Recorded information section start

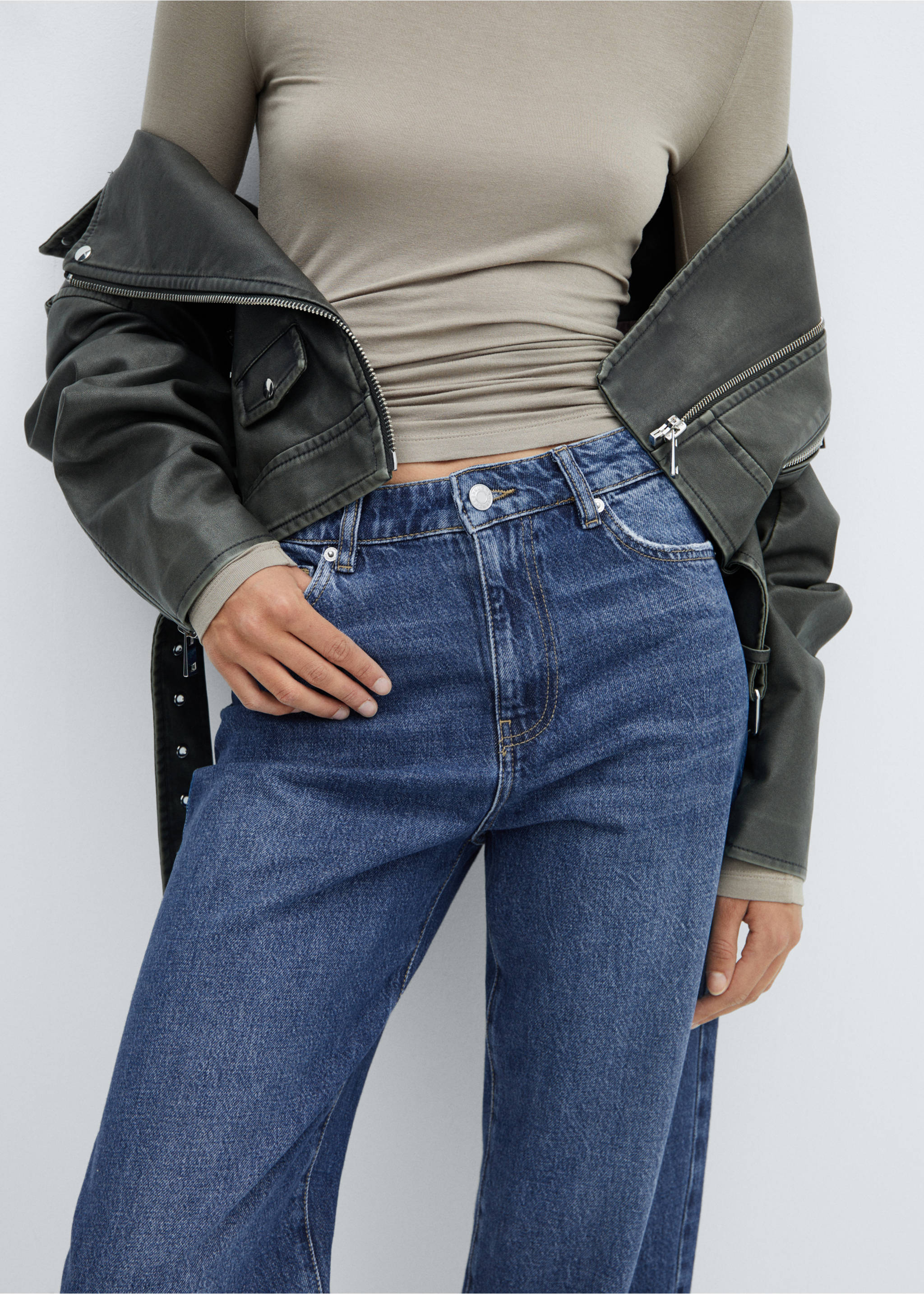 High-waist slouchy jeans - Details of the article 3, Dark Blue. Ref: 57005974-00.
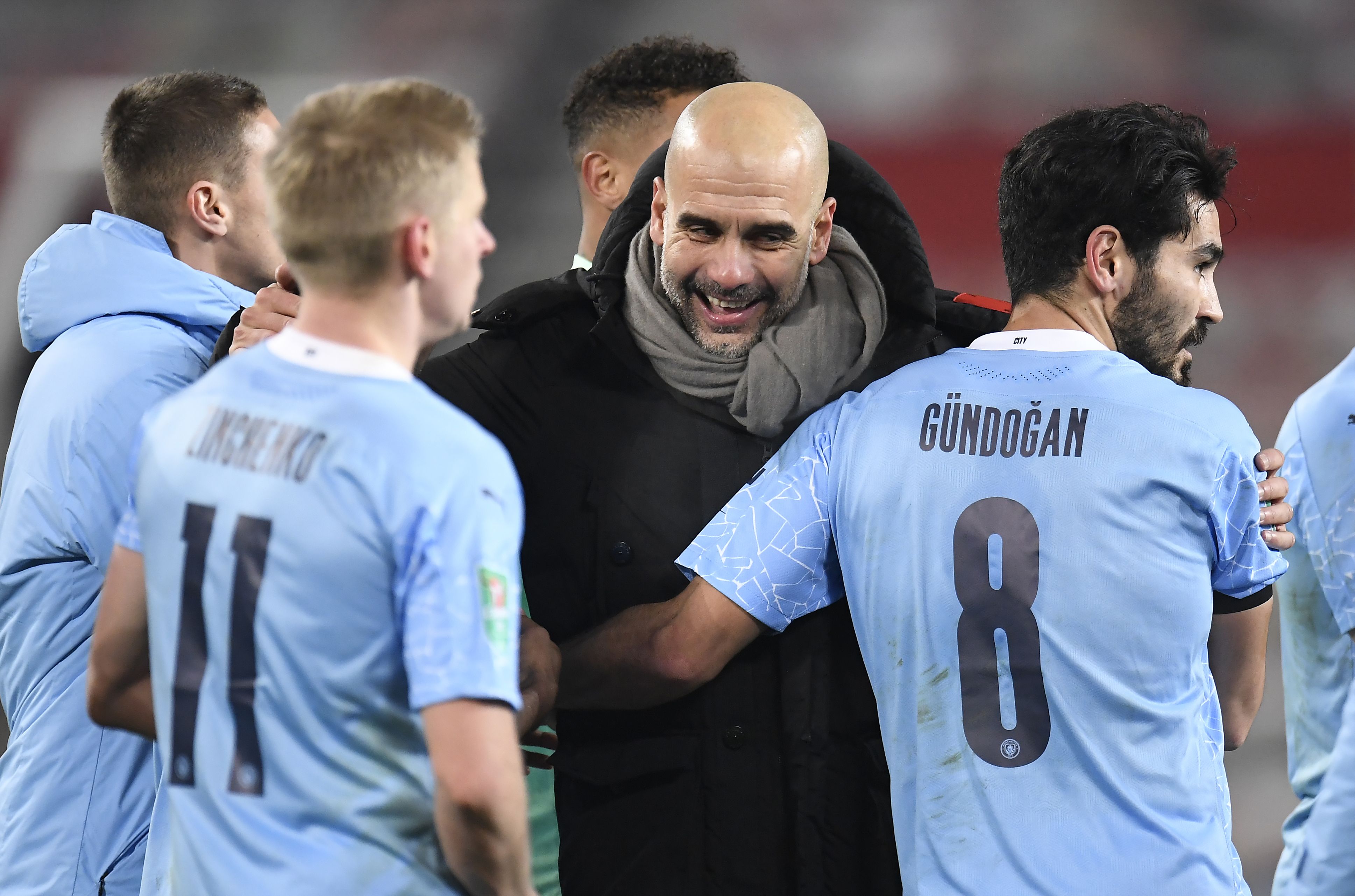 Pep Guardiola (2.v.r.) jubelt mit seinem Team über den Sieg gegen Manchester United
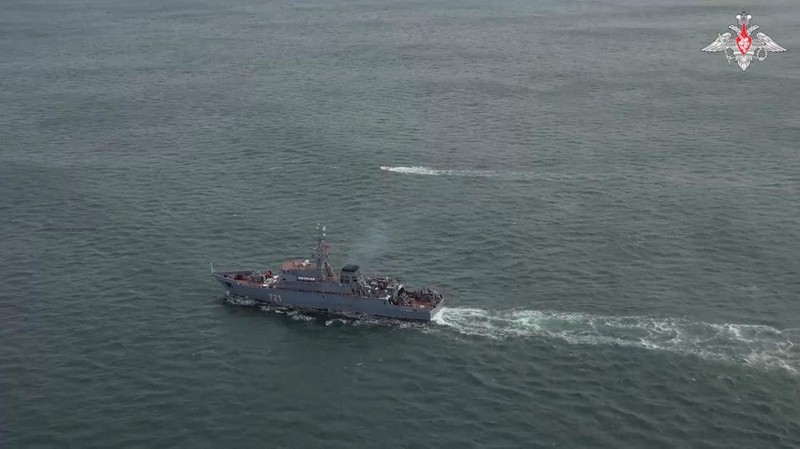 Angkatan Laut Rusia menggelar latihan dengan melibatkan armadanya. (Russian Defence Ministry/Handout via REUTERS)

Recorded information section end

> [Directions]:
Exactly the lines from the line that contains "Pep Guardiola (2.v.r.)" through the last line above, and no other lines, must be output, with pictures excluded.

> [Output of the exercise]:
 Pep Guardiola (2.v.r.) jubelt mit seinem Team über den Sieg gegen Manchester United
 Angkatan Laut Rusia menggelar latihan dengan melibatkan armadanya. (Russian Defence Ministry/Handout via REUTERS)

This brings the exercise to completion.